There’s at least one big problem with these ideas: money. McFarlane says TriMet can’t yet implement much of the Westside plan. In fact, the regional transit agency has been cutting service since 2009 to help balance its budget.

A major issue is employee health care benefits. McFarlane says TriMet cannot continue paying its union employees what he calls “the most generous health care benefits in the country.” Amalgamated Transit Union 757 officials say TriMet should cut management salaries and stop new rail projects instead.

The $485 million operating budget McFarlane proposed in March might allow small service realignments in Washington County, but big changes cannot occur until the agency overcomes its long-term funding problems, he said.

From suburbs to city

Twenty years ago, TriMet focused its bus service in Washington County on moving people from suburban communities such as Forest Grove into Portland along east-west lines. The westside MAX line that opened in 1998 reflected this model. Officially known as the Blue Line, it runs from downtown Portland to near the Hillsboro Civic Center, with 32 stations along the way.

But much of the county’s growth is now happening away from the Blue Line. Housing has exploded in the Bethany area north of U.S. 26, for example.

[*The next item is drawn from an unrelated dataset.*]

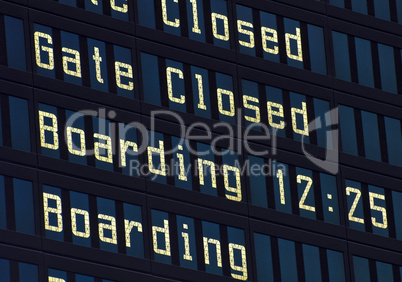 Airport information board.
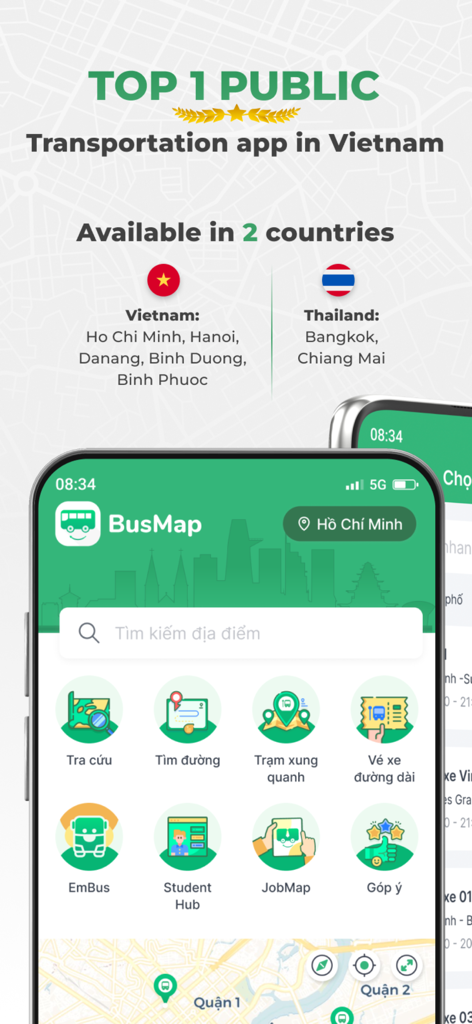 BusMap - Transit & Bus Ticket - BusMap app interface showing top public transportation services in Vietnam and Thailand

Farther north, enrollment has increased 50 percent at Portland Community College’s Rock Creek campus. Despite that, the area is served by only two bus lines that have changed little over the past 20 years.

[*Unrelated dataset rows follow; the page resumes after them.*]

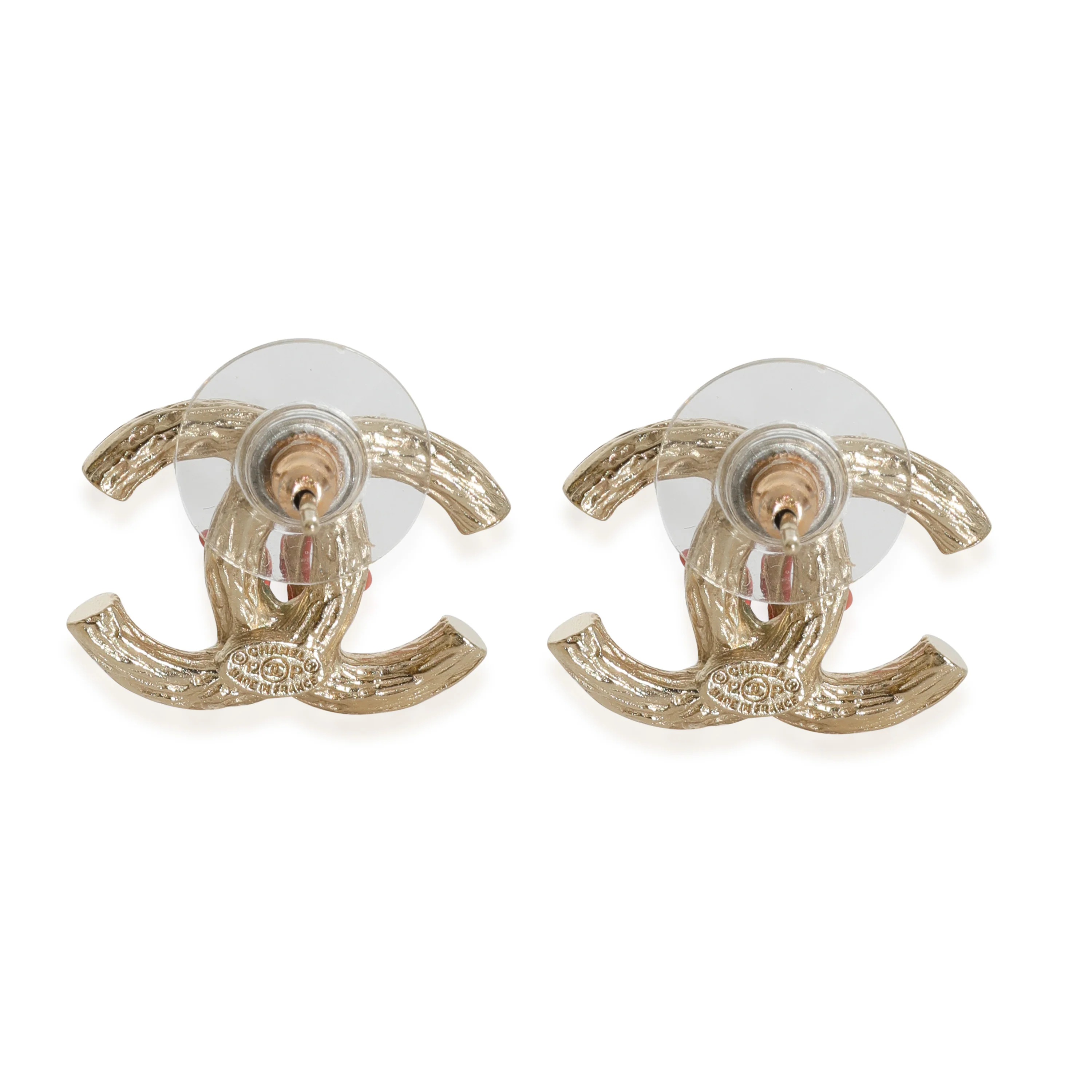 Chanel 2012 CC Stud Earrings With Strass & Faux Pearls - Image 3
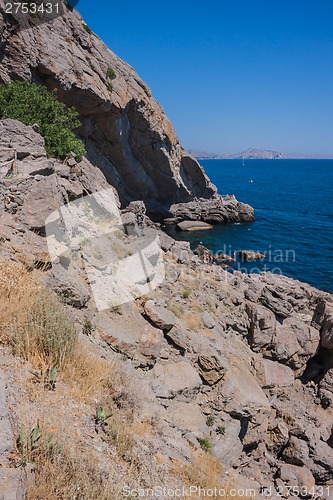 Image of Summer view seacoast. Sudak beach. Black Sea, Ukraine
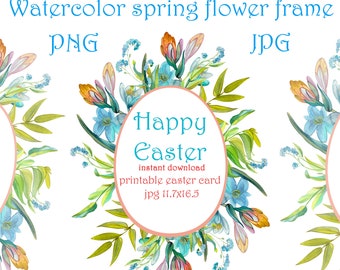 Easter Floral Wreath Clipart, Watercolor Easter card printable, Happy easter card making PNG, Spring flower wreath  digital download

The PCC problem may benefit from one of those “small realignments” McFarlane said the agency can make.

TriMet’s proposed 2013-14 budget includes money to improve connections and weekday frequency on Line 47, with buses running to the Rock Creek campus via Northwest 174th Avenue and Laidlaw Road instead of Sunset Transit Center as they do now. In addition, bus frequency would improve between the campus and the Orenco/Northwest 231st Avenue MAX station.

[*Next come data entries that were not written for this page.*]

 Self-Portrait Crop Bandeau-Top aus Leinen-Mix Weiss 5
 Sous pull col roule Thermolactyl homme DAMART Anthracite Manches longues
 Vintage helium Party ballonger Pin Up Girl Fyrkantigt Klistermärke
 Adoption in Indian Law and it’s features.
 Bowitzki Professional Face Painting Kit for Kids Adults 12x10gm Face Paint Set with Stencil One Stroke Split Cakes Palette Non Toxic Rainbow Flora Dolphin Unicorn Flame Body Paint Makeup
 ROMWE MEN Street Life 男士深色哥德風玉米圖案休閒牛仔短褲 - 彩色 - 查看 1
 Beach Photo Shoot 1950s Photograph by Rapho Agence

Overall, Mills said, TriMet wants to complete the county’s service grid with more north-south routes. This is a more realistic option than ever before. Washington County and local governments have invested heavily in north-south connections in recent years, adding lanes and other improvements to Brookwood Avenue/Parkway, for example, and Cornelius Pass Road, now both major transportation corridors.

Another change, according to Mills, would be to extend MAX’s Red Line all the way to Hillsboro while shortening the Blue Line, so riders who board in Hillsboro can have a straight shot to the Portland International Airport. Right now, the Red Line goes only to the Beaverton Transit Center from the airport, so airport passengers have to disembark somewhere along the route and switch trains. TriMet officials are thinking of switching those two lines around so the Blue Line terminates in Beaverton instead of the Red.

“We are hoping we can make the change in September 2014,” Mills said, “but that will depend on the cost.”

Forest Grove Councilor Richard Kidd said he has struggled with the choice of how to get to the airport because he doesn’t like having to make that mid-trip switch on MAX. Kidd told Mills he liked the idea of a Red Line extension, although what he’d really like is to see MAX extend to Forest Grove.

In fact, Forest Grove planners are updating the state-required comprehensive land-use plan and have proposed raising downtown’s residential density. Such a move might support a higher level of transit service.

McFarlane, however, says any major changes will require new revenue, which TriMet cannot expect to receive until the public believes the agency’s budget problems are under control.

“It is incumbent on us,” he said, “to prove we are providing the best possible return on the dollar.”